What does it mean to stand at the intersections? What
can this mean for the process of filmmaking?
In the last decade, the dynamism of practice as/in
research has been growing in diverse disciplines. The possibilities of
filmmaking practice as/in research have created new and innovative ways of
inquiry both within and outside of the academy. The process of making knowledge
through filmmaking has been discussed in several publications. In addition,
studies in creative practice as a mode of research have emanated from the
fields of art, design, and performance studies. However, in screen practice as a mode of research,
there has been no substantial study that focuses on the notions of ‘difference’
and othering’. By extension, there is also a paucity of published material that
offers accounts of professional screen practice, where creative and practical
decision-making intersects with any aspects of ‘difference’.
The book will draw attention to the creative
processes, encounters, relationships and thinking when such things hinge on the
experiences, truths, memories, places, feelings, contexts and histories
associated with difference and othering.
By examining ‘difference’ in screen production through a range of
diverse, professional and situated practices, the book will engage with the
implications and nature of audio/visuality, aesthetics, storytelling, and
styles, as well as methodologies, ethics, philosophies and research in the production
process.
The publication brings screen practitioners (outside
of the academy) and screen practitioners-researchers (inside the academy)
together, to discuss how knowledge, both practical and theoretical, grows
inside experience. The book embrace but go beyond representation and identity
to deal with on-the-ground questions that screen practitioners/researchers ask
(or could and should ask) at the intersections, about the nature of
professional practice and experience.
At the Intersections: Race, Indigeneity, and Diaspora
in Screen Production Research investigates instances where screen practice as a
mode of research and/or professional practice intersects with experience and
knowledge associated with migration, indigeneity, diaspora, race, ethnicity or
socio-cultural diversity. The book explores the complex, cumulative ways in
which the effects of these multiple forms intersect with the experiences,
thoughts, and knowledge of screen practitioners and/or researchers, the screen
texts they create, as well as the methodologies, philosophies, contexts and
processes they encounter and think about.
The book draws on the thinking of screen practitioners
and/or researchers whose research and/or creative experience is characterised
by living between two or more cultural regimes of knowledge or who practice as
a minority in the diverse or multi-ethnic, multi-lingual and multi-cultural
contexts.
Submission deadline
Deadline for abstracts is: August 30, 2020.

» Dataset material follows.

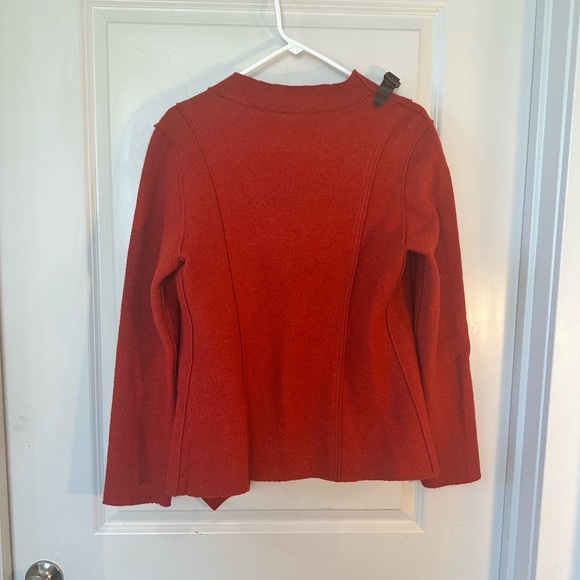 Eileen Fisher Rust Red 100% Wool & Leather Buckle Draped Sweater, Medium - Picture 9 of 10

The need for the book has been signalled by a number
of leading publishers and we are currently in the process of negotiating
contracts.
Please provide a 250-word abstract and a short bio
(100 words) by the 30th of August 2020.
Draft chapters (between 3000-7000 words) will be due
in the first half of 2021.
We encourage screen practitioners and
practitioner-scholars (including postgraduate students) from diverse cultures,
backgrounds and locations who engage with aspects of ‘difference’ to submit
abstracts. Considered media may include cinematic and experimental films,
television, web series, screenplays, mobile works and video installation.